If something is "dropped" from ISS altitude, do we need to worry about it burning up on re-entry

Way to avoid answering the question. Yes, the terminus of a space elevator must necessarily be above (not at) geosynchronous height. So don’t drop it from the terminus. Ride the elevator up only partway, to ISS height (which would not be in the ISS’s orbit, because you’re going way too slow), and drop from there.

It’s sort of true that you would be limited by terminal velocity, but that’s not the whole picture. Terminal velocity depends on the thickness of the atmosphere, so very high up where the atmosphere is only just barely there, the terminal velocity is much higher than it is at ground level. I think (though I haven’t done the calculations) that a dropped object would fall through the layers of atmosphere more quickly than it would decelerate due to air resistance, so that, for most points on its fall, it would be moving at faster than the terminal velocity for that point.

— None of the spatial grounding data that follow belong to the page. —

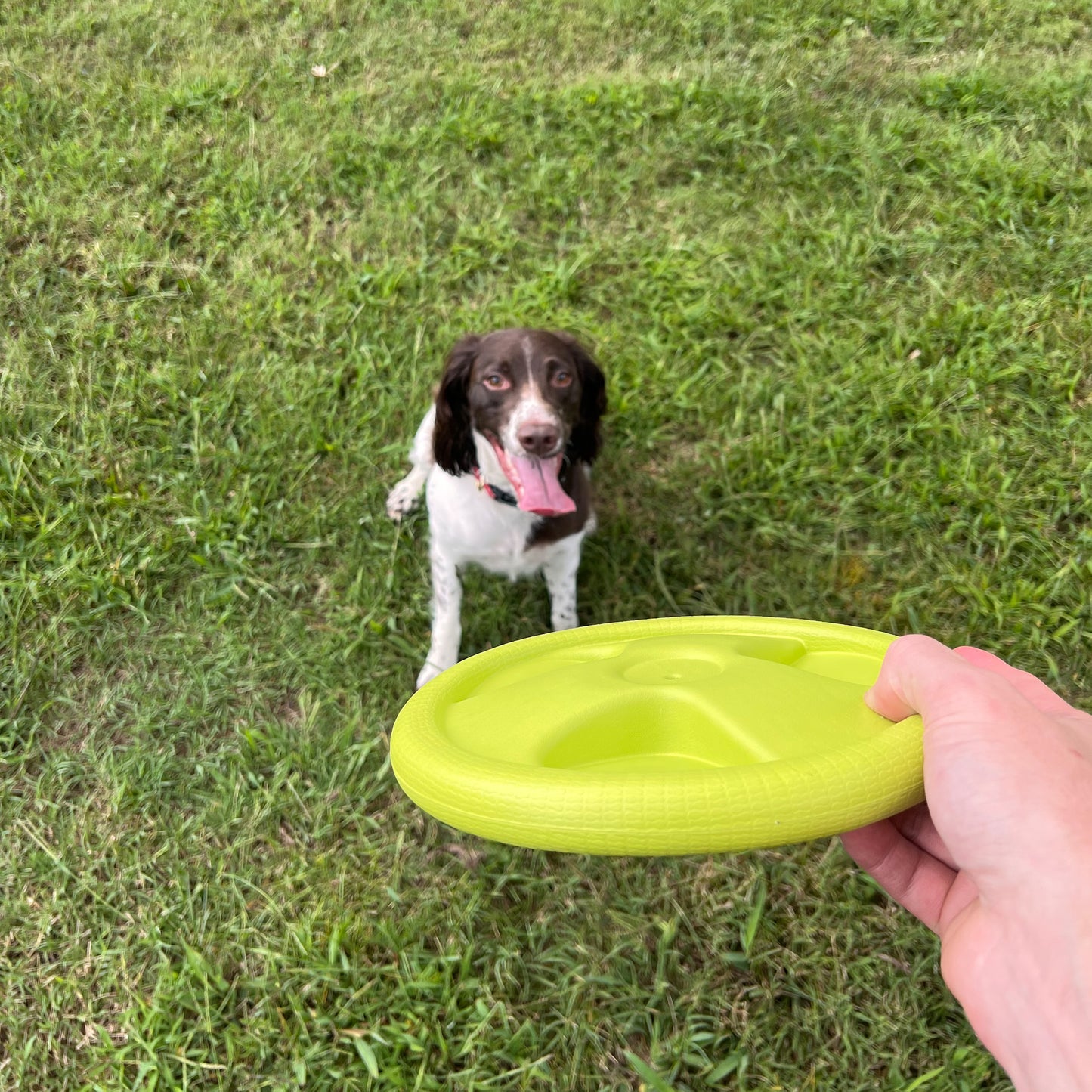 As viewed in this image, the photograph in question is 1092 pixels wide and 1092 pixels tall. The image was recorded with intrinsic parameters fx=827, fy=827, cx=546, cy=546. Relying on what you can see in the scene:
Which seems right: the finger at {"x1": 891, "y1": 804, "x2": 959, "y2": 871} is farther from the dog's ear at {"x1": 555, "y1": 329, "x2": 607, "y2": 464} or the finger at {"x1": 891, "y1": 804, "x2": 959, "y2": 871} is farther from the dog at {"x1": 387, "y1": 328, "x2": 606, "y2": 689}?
the dog's ear at {"x1": 555, "y1": 329, "x2": 607, "y2": 464}

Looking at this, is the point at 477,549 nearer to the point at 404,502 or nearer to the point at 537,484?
the point at 537,484

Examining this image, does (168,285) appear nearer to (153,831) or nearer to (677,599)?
(153,831)

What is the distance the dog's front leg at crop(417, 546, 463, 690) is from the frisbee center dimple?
4.02ft

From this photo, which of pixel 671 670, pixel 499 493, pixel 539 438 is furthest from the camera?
pixel 499 493

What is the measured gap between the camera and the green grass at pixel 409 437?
2.72 meters

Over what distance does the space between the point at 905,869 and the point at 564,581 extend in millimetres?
1604

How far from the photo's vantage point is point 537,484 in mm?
2748

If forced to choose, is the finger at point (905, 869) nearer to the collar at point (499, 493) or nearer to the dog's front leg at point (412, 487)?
the collar at point (499, 493)

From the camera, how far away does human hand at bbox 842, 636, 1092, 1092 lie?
4.14ft

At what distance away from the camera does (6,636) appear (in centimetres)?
331

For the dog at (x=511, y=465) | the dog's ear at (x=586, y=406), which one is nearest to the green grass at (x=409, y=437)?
the dog at (x=511, y=465)

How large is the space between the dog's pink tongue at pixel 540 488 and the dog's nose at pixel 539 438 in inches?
3.3

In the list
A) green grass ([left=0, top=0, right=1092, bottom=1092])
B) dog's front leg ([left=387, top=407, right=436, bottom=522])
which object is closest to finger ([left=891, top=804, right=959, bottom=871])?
green grass ([left=0, top=0, right=1092, bottom=1092])

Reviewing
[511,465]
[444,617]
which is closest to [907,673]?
[511,465] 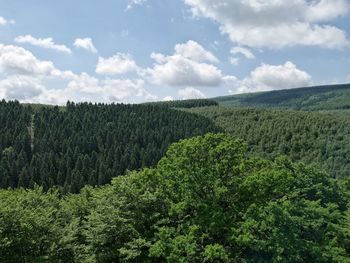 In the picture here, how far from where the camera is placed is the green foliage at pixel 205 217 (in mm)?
33125

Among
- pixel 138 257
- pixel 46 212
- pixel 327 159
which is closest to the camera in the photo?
pixel 138 257

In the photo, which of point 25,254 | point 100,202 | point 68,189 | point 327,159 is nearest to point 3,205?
point 25,254

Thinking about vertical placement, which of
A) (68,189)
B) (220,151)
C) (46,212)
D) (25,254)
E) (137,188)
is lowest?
(68,189)

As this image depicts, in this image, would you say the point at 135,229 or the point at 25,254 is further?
the point at 25,254

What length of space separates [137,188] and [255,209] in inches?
439

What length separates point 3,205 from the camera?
40.1 meters

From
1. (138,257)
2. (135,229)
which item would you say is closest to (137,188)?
(135,229)

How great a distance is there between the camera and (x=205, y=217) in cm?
3484

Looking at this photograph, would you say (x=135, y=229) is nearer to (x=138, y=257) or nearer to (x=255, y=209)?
(x=138, y=257)

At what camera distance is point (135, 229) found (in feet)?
124

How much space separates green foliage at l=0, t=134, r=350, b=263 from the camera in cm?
3312

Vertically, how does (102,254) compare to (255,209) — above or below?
below

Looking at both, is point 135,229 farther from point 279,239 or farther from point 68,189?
point 68,189

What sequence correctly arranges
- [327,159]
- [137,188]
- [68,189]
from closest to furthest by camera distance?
[137,188] < [68,189] < [327,159] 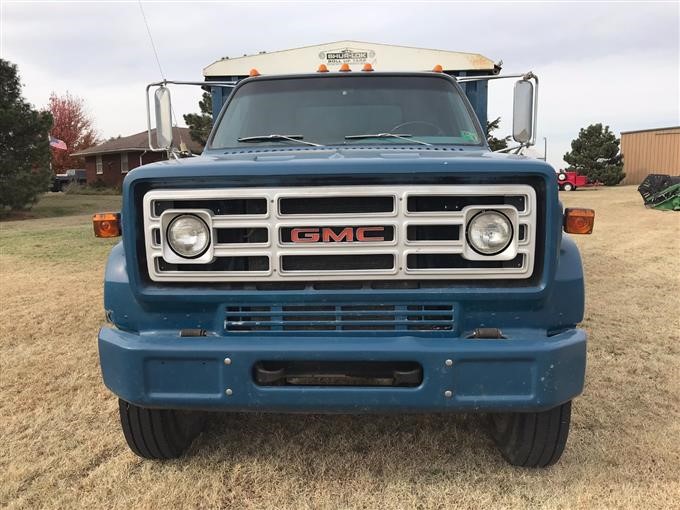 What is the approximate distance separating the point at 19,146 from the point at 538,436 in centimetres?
1932

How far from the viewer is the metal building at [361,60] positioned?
563 centimetres

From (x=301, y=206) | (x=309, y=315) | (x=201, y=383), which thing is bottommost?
(x=201, y=383)

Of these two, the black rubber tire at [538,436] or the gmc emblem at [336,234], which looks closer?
the gmc emblem at [336,234]

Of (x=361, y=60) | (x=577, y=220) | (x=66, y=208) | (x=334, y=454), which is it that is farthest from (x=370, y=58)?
(x=66, y=208)

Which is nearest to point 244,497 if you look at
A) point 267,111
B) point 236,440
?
point 236,440

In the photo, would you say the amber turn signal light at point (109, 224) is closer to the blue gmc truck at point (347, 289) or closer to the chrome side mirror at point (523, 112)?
the blue gmc truck at point (347, 289)

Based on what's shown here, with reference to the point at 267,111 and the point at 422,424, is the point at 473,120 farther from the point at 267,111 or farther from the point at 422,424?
the point at 422,424

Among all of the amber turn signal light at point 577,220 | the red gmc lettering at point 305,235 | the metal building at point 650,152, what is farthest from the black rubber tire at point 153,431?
the metal building at point 650,152

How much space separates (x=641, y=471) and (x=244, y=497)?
6.29 feet

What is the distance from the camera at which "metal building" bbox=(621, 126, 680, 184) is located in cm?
3653

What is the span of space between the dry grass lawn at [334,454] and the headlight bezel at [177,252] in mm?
1111

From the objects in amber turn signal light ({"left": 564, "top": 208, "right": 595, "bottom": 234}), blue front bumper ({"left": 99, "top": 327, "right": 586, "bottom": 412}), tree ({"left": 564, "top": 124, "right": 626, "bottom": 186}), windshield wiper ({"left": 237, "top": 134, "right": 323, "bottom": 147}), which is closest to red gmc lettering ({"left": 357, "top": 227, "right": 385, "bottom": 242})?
blue front bumper ({"left": 99, "top": 327, "right": 586, "bottom": 412})

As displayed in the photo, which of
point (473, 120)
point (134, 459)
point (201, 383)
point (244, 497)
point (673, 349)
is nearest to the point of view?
point (201, 383)

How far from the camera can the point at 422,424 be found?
3.41 metres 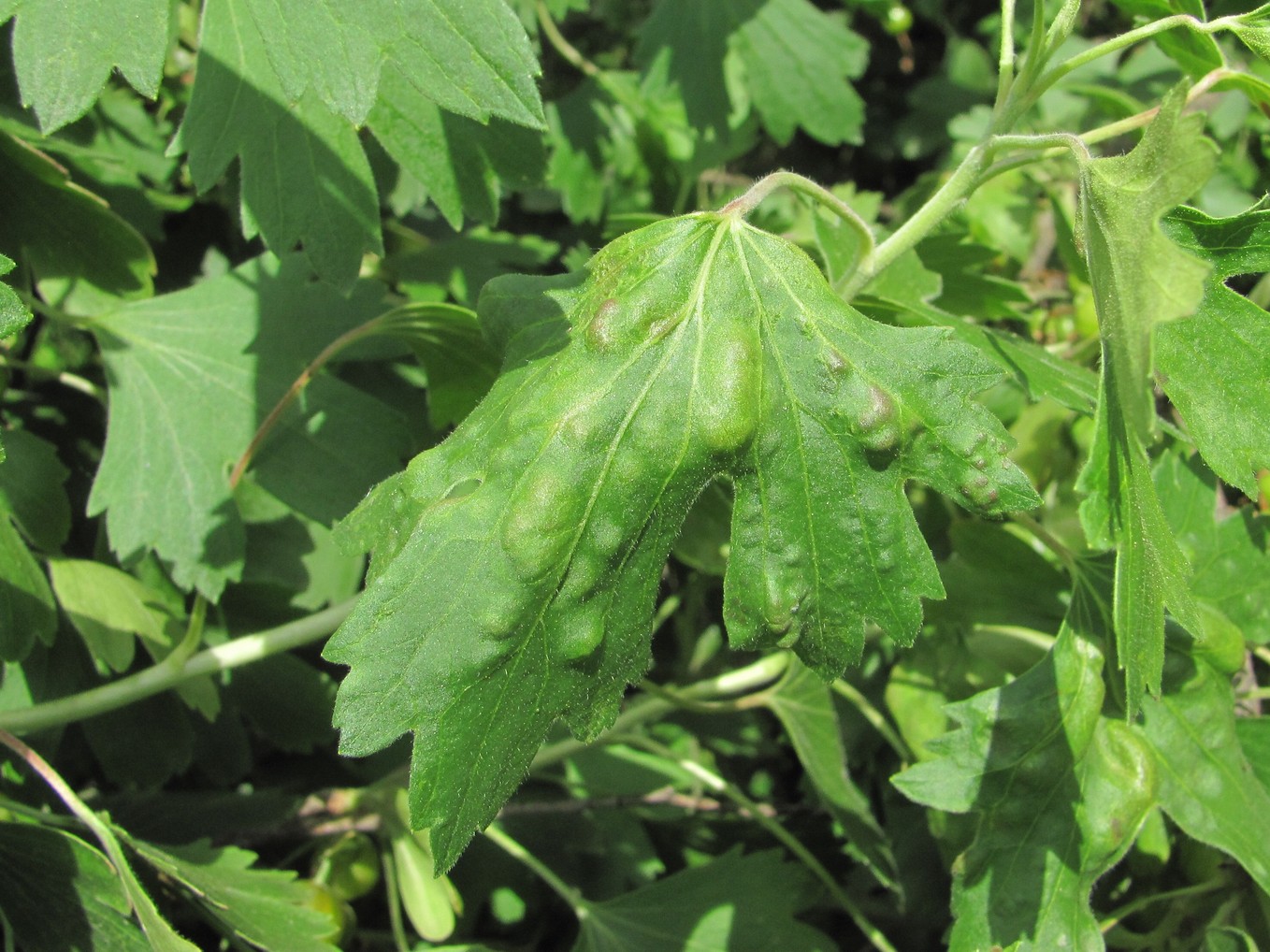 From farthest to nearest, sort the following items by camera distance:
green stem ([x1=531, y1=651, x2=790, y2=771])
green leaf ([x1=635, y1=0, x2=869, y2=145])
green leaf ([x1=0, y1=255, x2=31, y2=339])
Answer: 1. green leaf ([x1=635, y1=0, x2=869, y2=145])
2. green stem ([x1=531, y1=651, x2=790, y2=771])
3. green leaf ([x1=0, y1=255, x2=31, y2=339])

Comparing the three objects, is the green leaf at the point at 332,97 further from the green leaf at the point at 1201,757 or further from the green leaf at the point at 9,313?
the green leaf at the point at 1201,757

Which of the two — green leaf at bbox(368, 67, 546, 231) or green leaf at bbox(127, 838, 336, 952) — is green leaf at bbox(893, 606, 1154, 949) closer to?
green leaf at bbox(127, 838, 336, 952)

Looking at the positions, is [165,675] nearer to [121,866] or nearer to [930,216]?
[121,866]

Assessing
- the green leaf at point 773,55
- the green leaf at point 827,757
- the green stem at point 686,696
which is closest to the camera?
the green leaf at point 827,757

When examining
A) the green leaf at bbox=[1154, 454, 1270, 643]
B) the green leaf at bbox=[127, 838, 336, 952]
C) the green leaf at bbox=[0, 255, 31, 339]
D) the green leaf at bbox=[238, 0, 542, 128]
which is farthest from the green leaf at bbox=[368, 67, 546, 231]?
the green leaf at bbox=[1154, 454, 1270, 643]

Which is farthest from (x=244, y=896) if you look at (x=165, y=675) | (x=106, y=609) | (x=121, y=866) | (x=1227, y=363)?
(x=1227, y=363)

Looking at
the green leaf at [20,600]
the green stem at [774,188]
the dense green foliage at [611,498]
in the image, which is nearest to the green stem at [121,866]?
the dense green foliage at [611,498] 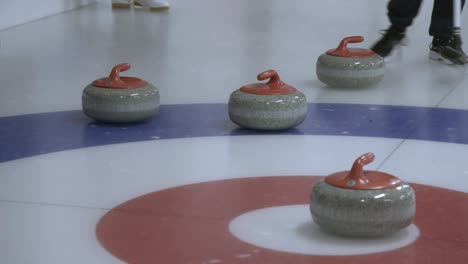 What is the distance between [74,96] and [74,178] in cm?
118

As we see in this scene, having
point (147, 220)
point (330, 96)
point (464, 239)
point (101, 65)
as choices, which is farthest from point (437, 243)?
point (101, 65)

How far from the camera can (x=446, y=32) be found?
4461 millimetres

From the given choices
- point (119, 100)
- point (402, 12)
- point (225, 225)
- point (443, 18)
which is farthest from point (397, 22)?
point (225, 225)

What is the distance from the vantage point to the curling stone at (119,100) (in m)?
3.30

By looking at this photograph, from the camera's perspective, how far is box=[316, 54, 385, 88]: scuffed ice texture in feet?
12.8

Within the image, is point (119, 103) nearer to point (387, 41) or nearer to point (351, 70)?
point (351, 70)

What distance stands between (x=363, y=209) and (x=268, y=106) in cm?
106

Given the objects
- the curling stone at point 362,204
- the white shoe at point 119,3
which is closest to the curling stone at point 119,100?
the curling stone at point 362,204

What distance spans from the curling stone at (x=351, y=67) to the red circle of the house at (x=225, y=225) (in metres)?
1.21

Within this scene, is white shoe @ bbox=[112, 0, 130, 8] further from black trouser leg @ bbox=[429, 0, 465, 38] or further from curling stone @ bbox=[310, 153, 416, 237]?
curling stone @ bbox=[310, 153, 416, 237]

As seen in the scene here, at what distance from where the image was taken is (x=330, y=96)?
12.8ft

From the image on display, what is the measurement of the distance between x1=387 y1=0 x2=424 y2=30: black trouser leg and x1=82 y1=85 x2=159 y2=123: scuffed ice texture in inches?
59.3

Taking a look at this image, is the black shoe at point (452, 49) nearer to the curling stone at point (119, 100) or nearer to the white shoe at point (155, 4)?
the curling stone at point (119, 100)

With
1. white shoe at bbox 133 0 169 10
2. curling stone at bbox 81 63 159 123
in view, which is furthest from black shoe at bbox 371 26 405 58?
white shoe at bbox 133 0 169 10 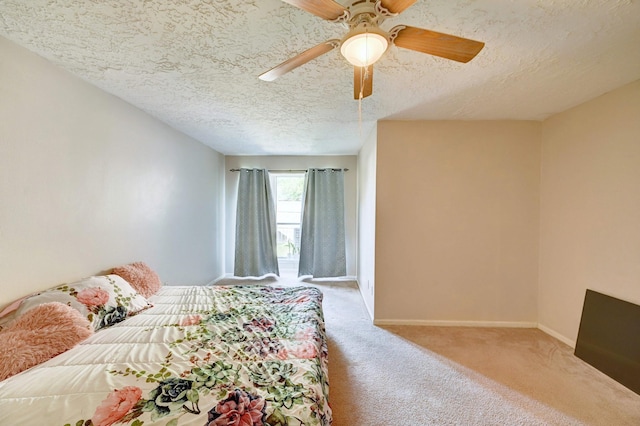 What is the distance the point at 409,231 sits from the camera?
277cm

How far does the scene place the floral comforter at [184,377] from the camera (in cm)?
91

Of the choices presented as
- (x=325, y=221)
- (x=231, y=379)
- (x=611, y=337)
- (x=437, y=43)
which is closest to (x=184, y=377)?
(x=231, y=379)

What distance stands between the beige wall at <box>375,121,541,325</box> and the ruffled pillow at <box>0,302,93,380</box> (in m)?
2.44

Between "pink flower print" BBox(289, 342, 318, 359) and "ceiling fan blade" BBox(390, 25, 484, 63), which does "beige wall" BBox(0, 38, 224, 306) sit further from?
"ceiling fan blade" BBox(390, 25, 484, 63)

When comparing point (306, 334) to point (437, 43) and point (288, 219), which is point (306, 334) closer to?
point (437, 43)

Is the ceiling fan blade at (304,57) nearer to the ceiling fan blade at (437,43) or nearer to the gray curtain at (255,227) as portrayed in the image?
the ceiling fan blade at (437,43)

In any event, the simple answer is that you can get, at most, the gravitational potential energy of the object, and that’s not going to be very much. A kilogram dropped from 200 km up is going to have approximately 470 kcal of energy. If that kilogram is all water, it’ll take 540 kcal to evaporate all of it (plus more to raise the temperature first, plus more to melt it if it started out as ice). And of course, water is about the most volatile material you could be doing this with: Metal or rock would just shrug it off.